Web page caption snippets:
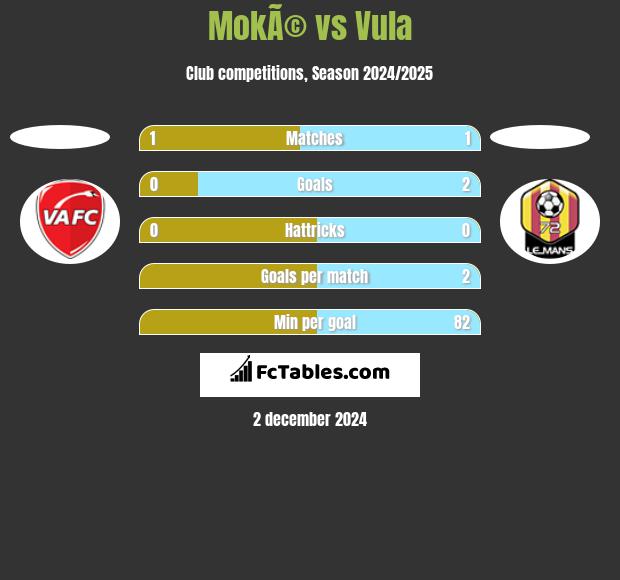 MokÃ© vs Vula h2h player stats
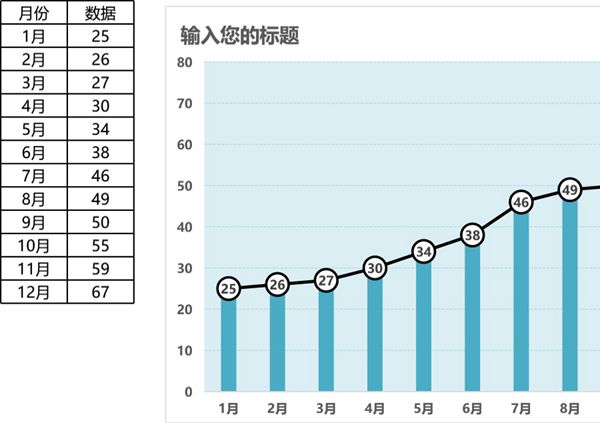 通用图表模板带标记线的月份对比折线图可视化表格模板
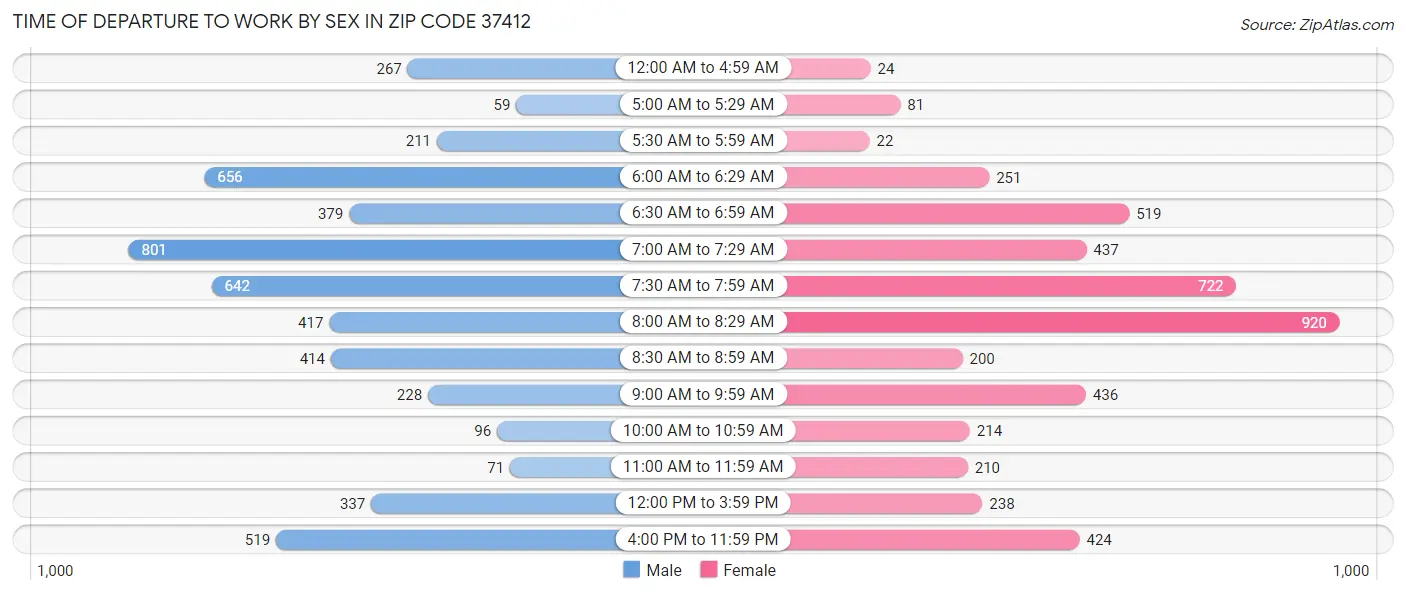 Time of Departure to Work by Sex in Zip Code 37412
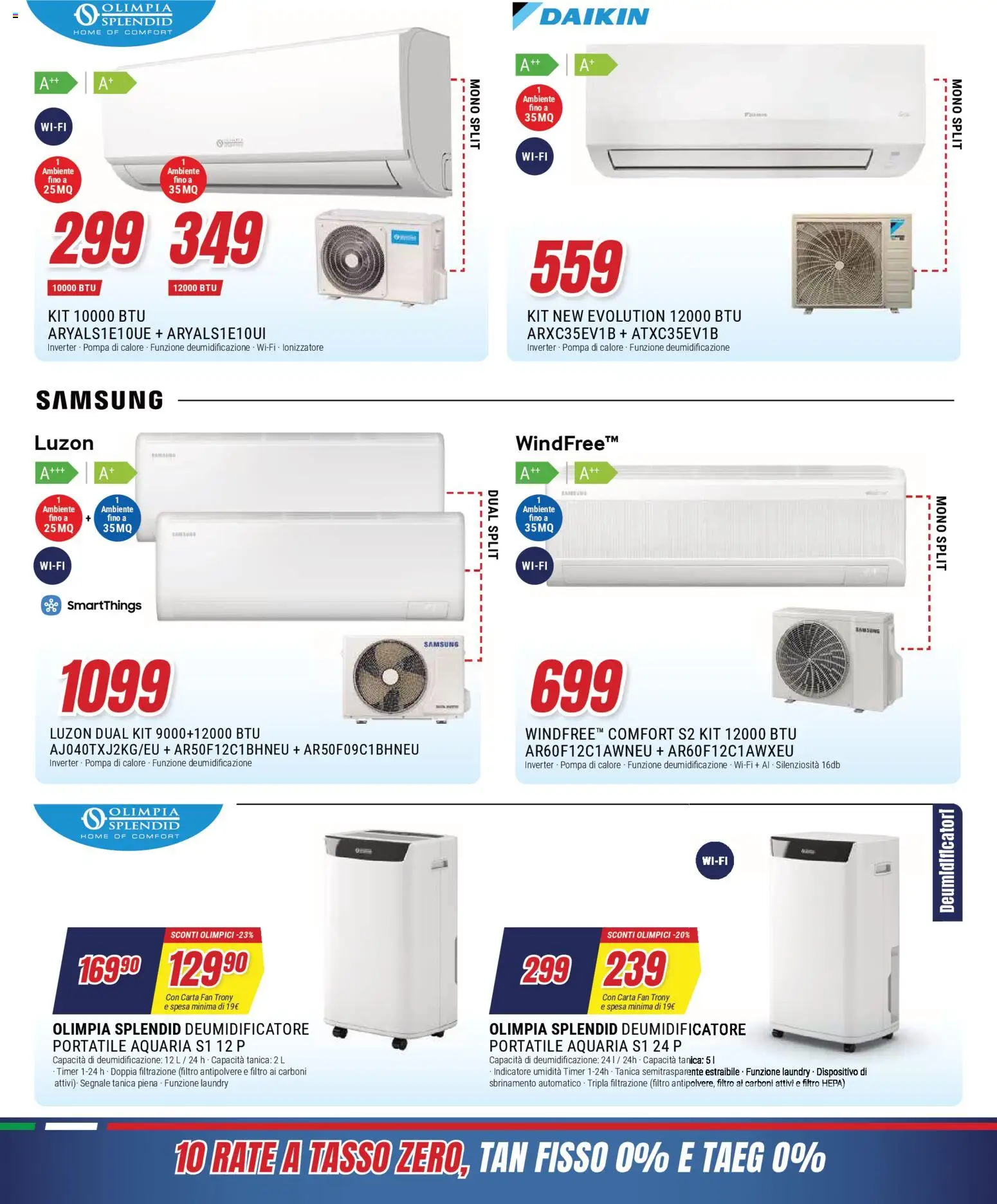 Volantino Trony del 05.02.2026 | Pagina: 13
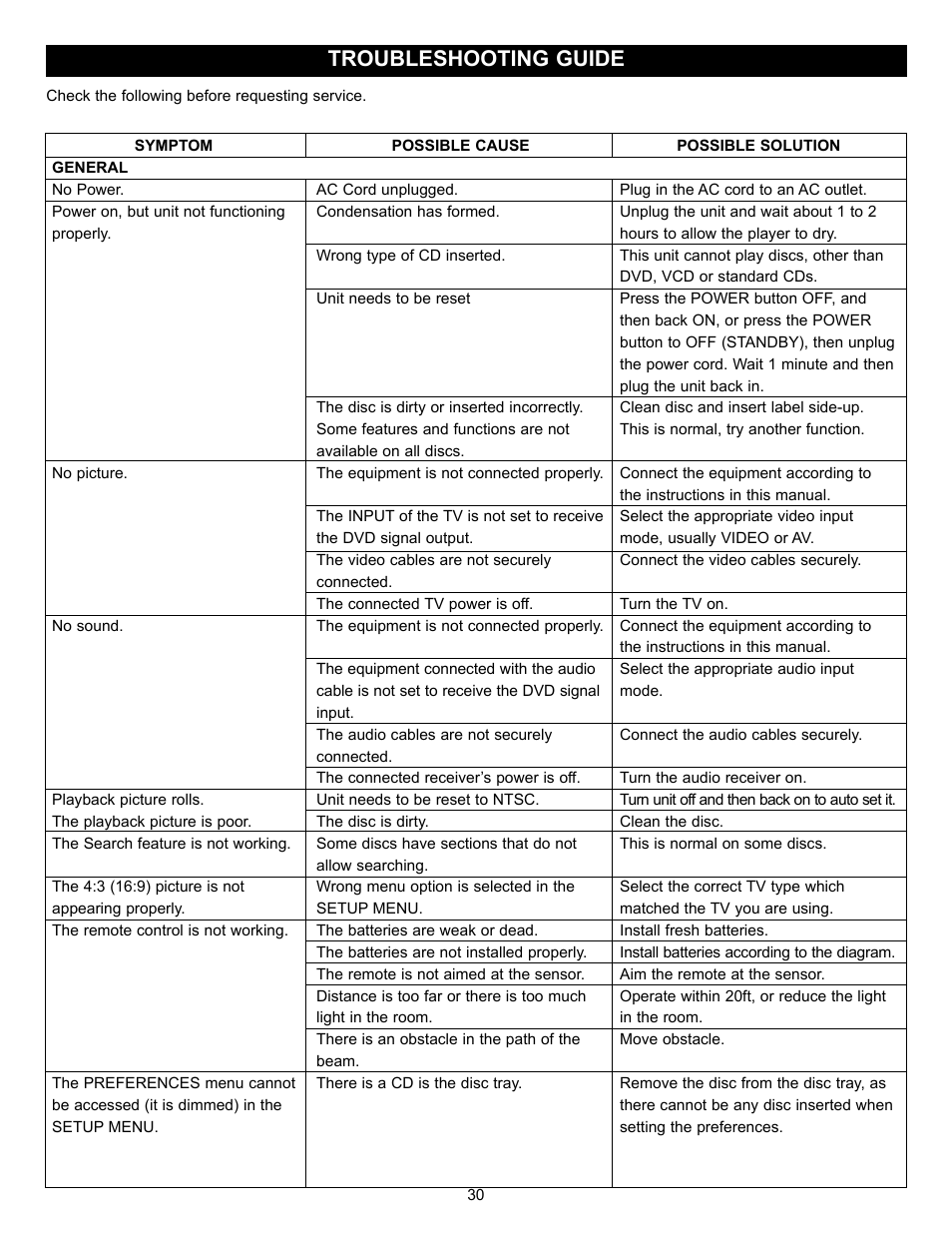 Troubleshooting guide | Memorex MVD2027 User Manual | Page 31 / 35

▶ [Prompt]:
Set down only the lines running from the line with "Volantino Trony del 05.02.2026 | Pagina: 13" to the end of the entries, inclusive; omit every picture.

▶ [Exercise answer]:
 Volantino Trony del 05.02.2026 | Pagina: 13
 Troubleshooting guide | Memorex MVD2027 User Manual | Page 31 / 35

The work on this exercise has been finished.